**MATERIAL PROVIDED**
────────────────────

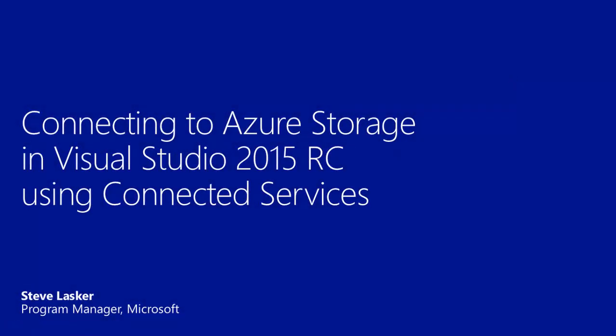In this video, I'm going to demonstrate connecting to Azure Storage with Visual Studio 2015 release candidate using a feature we call Connected Services. I'm Steve Lasker. I'm a Program Manager in our Cloud Platform Tools team at Microsoft.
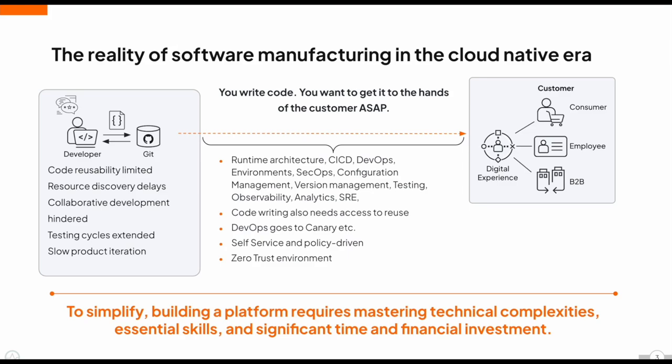This process is often delayed by everything that comes between development and delivery. It could be CICD pipelines, security protocols, scaling, load balancing, GitOps, DevOps, policy management, maintenance, and much more. Research shows that over 60-70% of investment is spent on this middle layer, not on what companies excel at or enhancing the customer experience, but on making sure the infrastructure works.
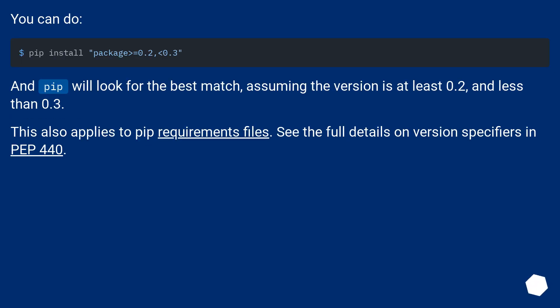You can do pip install with a version range. And pip will look for the best match, assuming the version is at least 0.2 and less than 0.3. This also applies to pip requirements files. See the full details on version specifiers in PEP 440.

────────────────────

**TASK TO COMPLETE**
Leave out the pictures and copy the rest of the material above exactly.

**RESPONSE AREA**
In this video, I'm going to demonstrate connecting to Azure Storage with Visual Studio 2015 release candidate using a feature we call Connected Services. I'm Steve Lasker. I'm a Program Manager in our Cloud Platform Tools team at Microsoft.
This process is often delayed by everything that comes between development and delivery. It could be CICD pipelines, security protocols, scaling, load balancing, GitOps, DevOps, policy management, maintenance, and much more. Research shows that over 60-70% of investment is spent on this middle layer, not on what companies excel at or enhancing the customer experience, but on making sure the infrastructure works.
You can do pip install with a version range. And pip will look for the best match, assuming the version is at least 0.2 and less than 0.3. This also applies to pip requirements files. See the full details on version specifiers in PEP 440.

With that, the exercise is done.